High Curie temperature ferromagnetic structures of (Sb2Te3)1-x(MnSb2Te4)x with x=0.7-0.8

Magnetic topological materials are promising for realizing novel quantum physical phenomena. Among these, bulk Mn-rich MnSb2Te4 is ferromagnetic due to Mn-Sb antisites and has relatively high Curie temperatures (T-C), which is attractive for technological applications. We have previously reported the growth of materials with the formula (Sb2Te3)(1-x)(MnSb2Te4)(x), where x varies between 0 and 1. Here we report on their magnetic and transport properties. We show that the samples are divided into three groups based on the value of x (or the percent septuple layers within the crystals) and their corresponding T-C values. Samples that contain x < 0.7 or x > 0.9 have a single T-C value of 15-20 K and 20-30 K, respectively, while samples with 0.7 < x < 0.8 exhibit two T-C values, one (T-C1) at similar to 25 K and the second (T-C2) reaching values above 80 K, almost twice as high as any reported value to date for these types of materials.
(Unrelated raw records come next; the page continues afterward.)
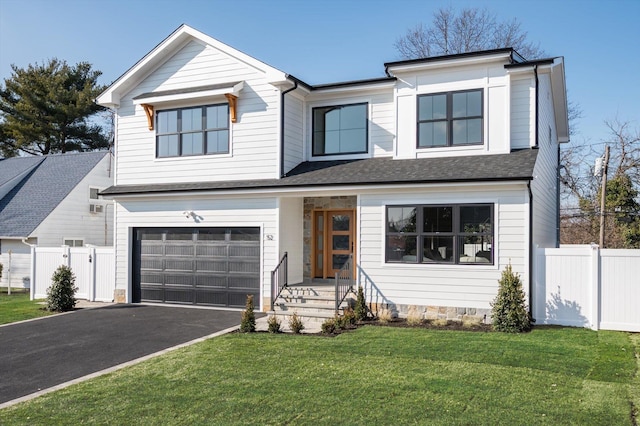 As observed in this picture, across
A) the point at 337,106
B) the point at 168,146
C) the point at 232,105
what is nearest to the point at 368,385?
A: the point at 337,106

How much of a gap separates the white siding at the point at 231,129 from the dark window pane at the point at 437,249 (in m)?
4.38

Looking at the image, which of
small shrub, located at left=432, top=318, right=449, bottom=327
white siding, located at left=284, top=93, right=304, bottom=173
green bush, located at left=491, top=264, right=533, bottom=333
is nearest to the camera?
green bush, located at left=491, top=264, right=533, bottom=333

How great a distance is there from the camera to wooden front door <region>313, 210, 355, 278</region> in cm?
1443

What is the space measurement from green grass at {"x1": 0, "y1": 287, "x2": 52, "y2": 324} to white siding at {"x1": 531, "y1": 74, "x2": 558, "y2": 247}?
42.0 feet

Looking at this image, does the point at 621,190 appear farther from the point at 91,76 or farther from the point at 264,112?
the point at 91,76

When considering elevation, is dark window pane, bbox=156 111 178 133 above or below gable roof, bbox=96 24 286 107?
below

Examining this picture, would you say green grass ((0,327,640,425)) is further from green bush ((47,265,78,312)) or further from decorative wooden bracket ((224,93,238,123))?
decorative wooden bracket ((224,93,238,123))

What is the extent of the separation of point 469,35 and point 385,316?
19.6 meters

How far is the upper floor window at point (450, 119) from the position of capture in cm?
1247

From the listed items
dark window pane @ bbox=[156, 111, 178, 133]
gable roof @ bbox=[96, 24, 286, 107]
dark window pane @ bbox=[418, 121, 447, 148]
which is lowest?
dark window pane @ bbox=[418, 121, 447, 148]

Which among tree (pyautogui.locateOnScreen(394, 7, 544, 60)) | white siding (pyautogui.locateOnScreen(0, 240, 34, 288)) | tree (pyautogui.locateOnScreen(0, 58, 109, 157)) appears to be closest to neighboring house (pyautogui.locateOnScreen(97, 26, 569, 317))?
white siding (pyautogui.locateOnScreen(0, 240, 34, 288))

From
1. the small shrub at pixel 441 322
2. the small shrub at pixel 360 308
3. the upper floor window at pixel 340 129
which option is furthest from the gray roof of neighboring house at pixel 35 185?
the small shrub at pixel 441 322

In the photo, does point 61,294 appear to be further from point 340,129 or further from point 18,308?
point 340,129

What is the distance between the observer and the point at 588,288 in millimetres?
10711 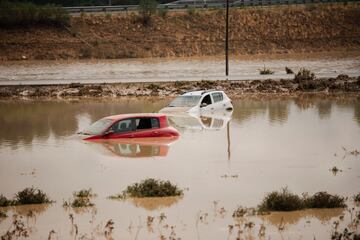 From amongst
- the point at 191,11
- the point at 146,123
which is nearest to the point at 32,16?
the point at 191,11

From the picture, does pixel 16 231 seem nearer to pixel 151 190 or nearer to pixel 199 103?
pixel 151 190

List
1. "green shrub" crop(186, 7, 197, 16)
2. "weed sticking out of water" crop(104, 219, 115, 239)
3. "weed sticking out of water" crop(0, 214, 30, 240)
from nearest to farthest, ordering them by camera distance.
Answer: "weed sticking out of water" crop(0, 214, 30, 240)
"weed sticking out of water" crop(104, 219, 115, 239)
"green shrub" crop(186, 7, 197, 16)

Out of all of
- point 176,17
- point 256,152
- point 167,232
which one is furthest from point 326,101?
point 176,17

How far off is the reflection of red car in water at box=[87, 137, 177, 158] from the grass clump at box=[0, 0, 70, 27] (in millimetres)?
56984

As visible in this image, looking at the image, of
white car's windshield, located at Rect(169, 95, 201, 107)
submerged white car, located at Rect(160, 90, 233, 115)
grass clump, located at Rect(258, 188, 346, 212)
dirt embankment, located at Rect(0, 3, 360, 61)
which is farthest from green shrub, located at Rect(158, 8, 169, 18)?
grass clump, located at Rect(258, 188, 346, 212)

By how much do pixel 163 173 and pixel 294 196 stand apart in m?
5.07

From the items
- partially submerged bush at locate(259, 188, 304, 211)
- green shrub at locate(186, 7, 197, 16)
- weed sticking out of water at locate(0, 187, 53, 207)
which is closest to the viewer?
partially submerged bush at locate(259, 188, 304, 211)

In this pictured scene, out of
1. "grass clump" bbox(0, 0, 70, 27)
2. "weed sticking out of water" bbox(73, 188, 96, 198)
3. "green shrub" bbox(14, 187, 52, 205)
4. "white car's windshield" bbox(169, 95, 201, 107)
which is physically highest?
"grass clump" bbox(0, 0, 70, 27)

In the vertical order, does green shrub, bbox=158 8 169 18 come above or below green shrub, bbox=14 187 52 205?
above

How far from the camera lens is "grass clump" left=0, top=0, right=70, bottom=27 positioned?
81.9 m

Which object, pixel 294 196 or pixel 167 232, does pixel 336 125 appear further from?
pixel 167 232

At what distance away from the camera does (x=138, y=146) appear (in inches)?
1032

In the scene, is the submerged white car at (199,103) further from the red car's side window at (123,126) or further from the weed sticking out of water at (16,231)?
the weed sticking out of water at (16,231)

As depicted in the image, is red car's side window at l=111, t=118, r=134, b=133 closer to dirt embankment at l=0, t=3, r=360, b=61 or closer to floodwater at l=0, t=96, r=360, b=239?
floodwater at l=0, t=96, r=360, b=239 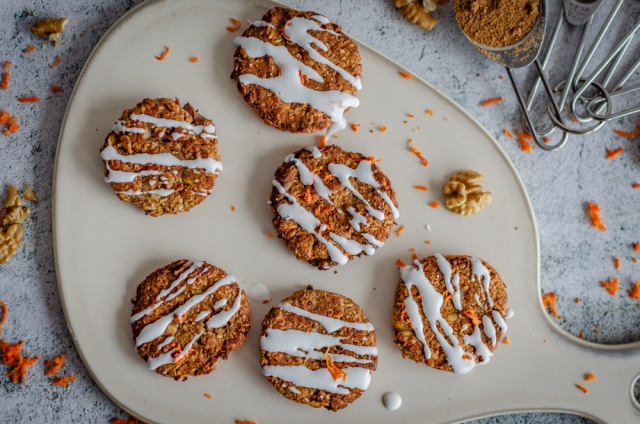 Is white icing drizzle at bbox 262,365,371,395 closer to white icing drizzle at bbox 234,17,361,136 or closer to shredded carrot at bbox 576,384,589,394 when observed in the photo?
shredded carrot at bbox 576,384,589,394

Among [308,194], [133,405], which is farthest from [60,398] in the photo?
[308,194]

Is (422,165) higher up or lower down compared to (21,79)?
higher up

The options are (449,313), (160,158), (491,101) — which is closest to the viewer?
(160,158)

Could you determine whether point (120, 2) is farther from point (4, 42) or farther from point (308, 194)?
point (308, 194)

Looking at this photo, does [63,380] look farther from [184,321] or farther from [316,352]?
[316,352]

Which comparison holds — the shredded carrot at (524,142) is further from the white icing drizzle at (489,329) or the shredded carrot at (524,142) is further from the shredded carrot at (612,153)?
the white icing drizzle at (489,329)

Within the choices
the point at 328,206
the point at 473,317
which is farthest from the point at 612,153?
the point at 328,206

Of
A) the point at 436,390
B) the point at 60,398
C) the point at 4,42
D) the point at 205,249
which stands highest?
the point at 4,42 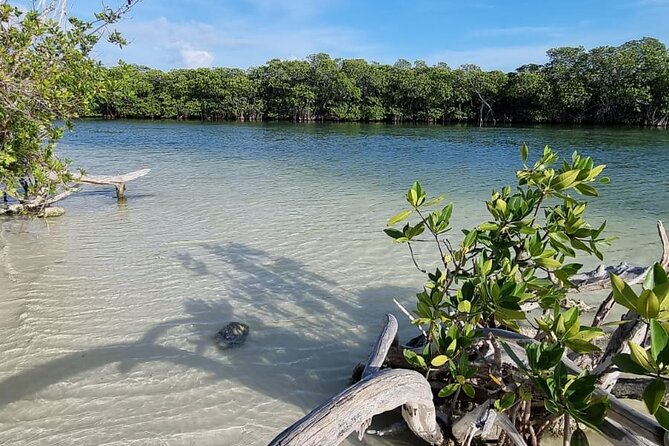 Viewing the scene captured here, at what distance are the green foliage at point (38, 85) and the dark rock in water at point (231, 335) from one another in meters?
3.15

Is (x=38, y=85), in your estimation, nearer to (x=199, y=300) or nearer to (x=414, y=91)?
(x=199, y=300)

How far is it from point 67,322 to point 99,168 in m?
16.5

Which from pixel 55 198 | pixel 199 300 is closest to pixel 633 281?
pixel 199 300

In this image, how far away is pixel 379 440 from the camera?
3.39 m

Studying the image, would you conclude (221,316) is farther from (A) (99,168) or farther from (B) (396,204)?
(A) (99,168)

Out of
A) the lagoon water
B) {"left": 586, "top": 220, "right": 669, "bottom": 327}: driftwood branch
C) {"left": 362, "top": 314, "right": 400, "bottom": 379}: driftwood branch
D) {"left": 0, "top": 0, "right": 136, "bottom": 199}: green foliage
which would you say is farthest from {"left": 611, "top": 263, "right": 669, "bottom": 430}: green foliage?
{"left": 0, "top": 0, "right": 136, "bottom": 199}: green foliage

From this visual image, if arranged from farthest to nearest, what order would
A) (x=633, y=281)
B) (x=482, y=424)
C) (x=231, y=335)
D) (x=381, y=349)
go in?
1. (x=231, y=335)
2. (x=633, y=281)
3. (x=381, y=349)
4. (x=482, y=424)

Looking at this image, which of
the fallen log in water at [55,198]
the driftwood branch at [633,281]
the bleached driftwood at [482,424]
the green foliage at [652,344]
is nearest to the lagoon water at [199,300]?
the fallen log in water at [55,198]

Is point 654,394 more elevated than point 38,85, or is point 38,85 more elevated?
point 38,85

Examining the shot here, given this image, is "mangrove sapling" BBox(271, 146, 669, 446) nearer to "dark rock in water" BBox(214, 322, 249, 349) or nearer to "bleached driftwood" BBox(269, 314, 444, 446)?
"bleached driftwood" BBox(269, 314, 444, 446)

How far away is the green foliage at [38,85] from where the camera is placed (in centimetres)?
462

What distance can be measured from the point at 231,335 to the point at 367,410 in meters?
3.12

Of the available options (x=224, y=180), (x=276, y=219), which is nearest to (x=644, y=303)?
(x=276, y=219)

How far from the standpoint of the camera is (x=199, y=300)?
19.2 feet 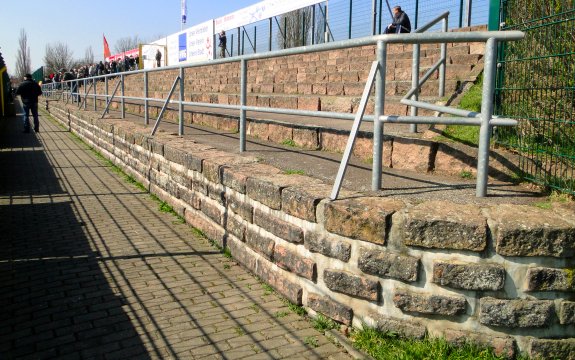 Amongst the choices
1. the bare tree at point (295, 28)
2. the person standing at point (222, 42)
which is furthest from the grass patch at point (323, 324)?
the person standing at point (222, 42)

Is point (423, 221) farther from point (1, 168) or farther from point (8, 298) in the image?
point (1, 168)

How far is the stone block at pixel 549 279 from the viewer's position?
286 cm

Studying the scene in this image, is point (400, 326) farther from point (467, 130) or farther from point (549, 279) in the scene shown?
point (467, 130)

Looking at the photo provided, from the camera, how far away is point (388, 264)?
Answer: 3.12 meters

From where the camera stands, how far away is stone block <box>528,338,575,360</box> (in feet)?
9.50

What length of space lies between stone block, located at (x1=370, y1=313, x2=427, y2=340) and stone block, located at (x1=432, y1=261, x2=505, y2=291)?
1.06 feet

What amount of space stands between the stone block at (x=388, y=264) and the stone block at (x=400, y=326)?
272 millimetres

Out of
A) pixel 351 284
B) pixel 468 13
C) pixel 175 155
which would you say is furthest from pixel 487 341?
pixel 468 13

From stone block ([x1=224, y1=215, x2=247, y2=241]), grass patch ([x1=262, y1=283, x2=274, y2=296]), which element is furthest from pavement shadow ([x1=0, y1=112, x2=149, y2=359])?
stone block ([x1=224, y1=215, x2=247, y2=241])

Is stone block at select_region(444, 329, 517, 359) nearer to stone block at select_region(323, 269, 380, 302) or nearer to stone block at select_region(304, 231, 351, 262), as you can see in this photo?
stone block at select_region(323, 269, 380, 302)

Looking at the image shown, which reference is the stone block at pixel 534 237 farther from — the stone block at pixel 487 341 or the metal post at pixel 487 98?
the metal post at pixel 487 98

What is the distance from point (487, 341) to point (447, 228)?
690 millimetres

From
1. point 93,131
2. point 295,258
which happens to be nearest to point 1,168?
point 93,131

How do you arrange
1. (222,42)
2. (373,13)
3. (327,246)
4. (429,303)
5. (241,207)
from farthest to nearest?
1. (222,42)
2. (373,13)
3. (241,207)
4. (327,246)
5. (429,303)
Structural analysis shows that samples with 0.7 < x < 0.8 have large regions of only SLs, while other regions have isolated QLs embedded within the SL lattice. We propose that the SL regions give rise to a T-C1 of similar to 20 to 30 K, and regions with isolated QLs are responsible for the higher T-C2 values. Our results have important implications for the design of magnetic topological materials having enhanced properties.